The plaintiffs assert in their complaints that the jurisdiction of the district court is based on 28 U.S.C. § 2201 (Supp. II 1978) (declaratory judgment) and 28 U.S.C. § 1331 (federal question). 28 U.S.C. § 2201 provides, in part, that:
§ 2201. Creation of remedy
In a case of actual controversy within its jurisdiction, . . . any court of the United States, upon the filing of an appropriate pleading, may declare the rights and other legal relations of any interested party seeking such declaration, whether or not further relief is or could be sought. (emphasis added).
It is settled that 28 U.S.C. § 2201 does not itself confer jurisdiction on a federal court where none otherwise exists.
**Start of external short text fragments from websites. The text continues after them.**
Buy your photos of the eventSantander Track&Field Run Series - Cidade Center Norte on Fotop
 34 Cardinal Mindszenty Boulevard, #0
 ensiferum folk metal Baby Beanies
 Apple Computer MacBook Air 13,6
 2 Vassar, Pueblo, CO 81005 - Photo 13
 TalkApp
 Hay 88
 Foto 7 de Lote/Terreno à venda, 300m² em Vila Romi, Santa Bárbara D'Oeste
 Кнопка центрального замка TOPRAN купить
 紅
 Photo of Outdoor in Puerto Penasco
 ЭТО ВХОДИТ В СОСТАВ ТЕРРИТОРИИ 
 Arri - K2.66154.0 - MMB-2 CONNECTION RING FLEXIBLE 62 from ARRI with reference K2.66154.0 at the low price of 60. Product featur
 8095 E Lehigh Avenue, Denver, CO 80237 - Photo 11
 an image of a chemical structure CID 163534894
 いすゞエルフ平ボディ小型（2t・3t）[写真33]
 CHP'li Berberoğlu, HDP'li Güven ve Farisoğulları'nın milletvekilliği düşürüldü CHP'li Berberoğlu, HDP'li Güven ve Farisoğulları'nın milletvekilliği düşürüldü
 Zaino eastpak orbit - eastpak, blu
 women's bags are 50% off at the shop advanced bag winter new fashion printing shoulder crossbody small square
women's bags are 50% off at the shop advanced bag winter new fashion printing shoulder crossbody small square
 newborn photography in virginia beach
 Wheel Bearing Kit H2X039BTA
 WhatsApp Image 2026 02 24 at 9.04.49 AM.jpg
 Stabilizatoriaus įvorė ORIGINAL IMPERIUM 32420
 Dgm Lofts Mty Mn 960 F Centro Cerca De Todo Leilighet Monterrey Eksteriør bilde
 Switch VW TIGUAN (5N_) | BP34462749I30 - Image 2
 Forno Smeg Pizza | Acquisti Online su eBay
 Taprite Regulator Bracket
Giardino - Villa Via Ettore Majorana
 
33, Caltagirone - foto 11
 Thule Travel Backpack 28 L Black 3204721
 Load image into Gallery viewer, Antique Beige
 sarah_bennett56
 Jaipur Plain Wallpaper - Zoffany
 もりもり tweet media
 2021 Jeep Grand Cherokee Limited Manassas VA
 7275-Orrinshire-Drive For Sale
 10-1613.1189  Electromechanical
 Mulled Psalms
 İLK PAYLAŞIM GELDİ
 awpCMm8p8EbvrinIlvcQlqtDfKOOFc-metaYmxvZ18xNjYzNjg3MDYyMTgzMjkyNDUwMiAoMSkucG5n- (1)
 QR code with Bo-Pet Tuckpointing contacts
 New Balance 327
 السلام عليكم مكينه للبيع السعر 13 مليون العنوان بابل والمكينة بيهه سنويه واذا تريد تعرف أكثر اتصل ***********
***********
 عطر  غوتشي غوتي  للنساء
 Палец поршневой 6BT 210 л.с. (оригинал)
That statute was adopted by Congress to enlarge the range of remedies available in federal court, and does not extend subject matter jurisdiction to cases in which the court has no independent basis for jurisdiction. Skelly Oil Co. v. Phillips Co., 339 U.S. 667, 671-72, 70 S.Ct. 876, 878-79, 94 L.Ed. 1194 (1950); Monks v. Hetherington, 573 F.2d 1164, 1167 (10th Cir. 1978); Chandler v. O'Bryan, 445 F.2d 1045, 1054 (10th Cir. 1971), cert. denied, 405 U.S. 964, 92 S.Ct. 1176, 31 L.Ed.2d 241 (1972).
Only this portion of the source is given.